The latter task is often messy and takes most of the time of the court – hearing witnesses, reviewing records etc. At the time of entering into the contract, this messiness is all in the future. Negotiations sometimes seem to assume a strict adherence to the procedures set out in the contract; in practice this rarely happens.
The task of construing the contract relies more on the analysis of words than the hearing of evidence of who said what to whom etc. Usually. In an ideal world. In reality, the evidence sometimes intrudes and influences the judge in his analysis. Sometimes this is considered necessary to do “justice” in the case. Anyway, judges are not computer programs and are not always consistent in their interpretation of the words used. Whisper it quietly, but some of them are not very good at linguistic analysis.

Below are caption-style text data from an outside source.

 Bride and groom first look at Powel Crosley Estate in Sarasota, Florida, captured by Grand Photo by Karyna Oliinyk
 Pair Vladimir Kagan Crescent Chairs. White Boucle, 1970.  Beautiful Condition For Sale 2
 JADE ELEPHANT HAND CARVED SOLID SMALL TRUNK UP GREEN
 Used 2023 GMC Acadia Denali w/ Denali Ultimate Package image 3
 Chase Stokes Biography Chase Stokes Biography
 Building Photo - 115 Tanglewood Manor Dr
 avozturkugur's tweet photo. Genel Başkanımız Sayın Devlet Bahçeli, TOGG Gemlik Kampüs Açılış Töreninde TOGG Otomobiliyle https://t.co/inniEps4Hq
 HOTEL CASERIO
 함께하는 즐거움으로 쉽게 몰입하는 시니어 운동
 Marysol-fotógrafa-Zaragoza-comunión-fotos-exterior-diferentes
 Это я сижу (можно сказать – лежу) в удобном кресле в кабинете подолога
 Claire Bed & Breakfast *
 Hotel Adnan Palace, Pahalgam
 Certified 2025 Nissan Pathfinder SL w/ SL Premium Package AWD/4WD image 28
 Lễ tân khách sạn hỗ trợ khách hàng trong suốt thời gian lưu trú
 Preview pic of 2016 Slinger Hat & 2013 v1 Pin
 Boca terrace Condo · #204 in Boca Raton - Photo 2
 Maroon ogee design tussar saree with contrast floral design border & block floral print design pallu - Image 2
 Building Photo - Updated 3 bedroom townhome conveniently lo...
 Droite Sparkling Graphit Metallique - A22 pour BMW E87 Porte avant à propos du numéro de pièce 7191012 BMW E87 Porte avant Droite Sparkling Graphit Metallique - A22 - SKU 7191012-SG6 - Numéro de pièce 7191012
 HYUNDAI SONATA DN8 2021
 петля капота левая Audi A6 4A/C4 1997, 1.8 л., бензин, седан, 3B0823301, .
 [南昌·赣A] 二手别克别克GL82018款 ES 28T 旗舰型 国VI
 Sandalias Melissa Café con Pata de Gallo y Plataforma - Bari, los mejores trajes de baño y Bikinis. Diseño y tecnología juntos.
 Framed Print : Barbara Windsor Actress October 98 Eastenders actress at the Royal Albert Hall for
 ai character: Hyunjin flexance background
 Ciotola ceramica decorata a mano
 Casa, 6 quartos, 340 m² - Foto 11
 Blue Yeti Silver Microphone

Yet, it is not a free-for-all. There are some rules on how the contract should be construed. Parties are assumed to have agreed the terms set out in a signed written contract. What those terms mean depends on the words used and how they are interpreted. Words can mean different things to different people. English law is usually interested in what those terms mean to an outsider who has the background facts. In other words, not the subjective views of the parties.
So, when it comes to interpreting contracts, there are some pressures in favour of strict linguistic analysis, and some towards a more human approach that relies partly on how the parties are perceived to have behaved. This makes it difficult to predict how a court will interpret and apply a contractual obligation. It also depends partly on the court. In the past, IP Draughts has challenged a barrister who advised that a County Court would not hold a party to do something within a strict time limit set out in the contract, as a condition of exercising certain contractual rights. Surely the contract was clear and should be enforced by the court, IP Draughts queried. Perhaps you might get that approach from some Chancery judges in the High Court, sniffed the barrister. But not in the County Court. Not on this fact pattern.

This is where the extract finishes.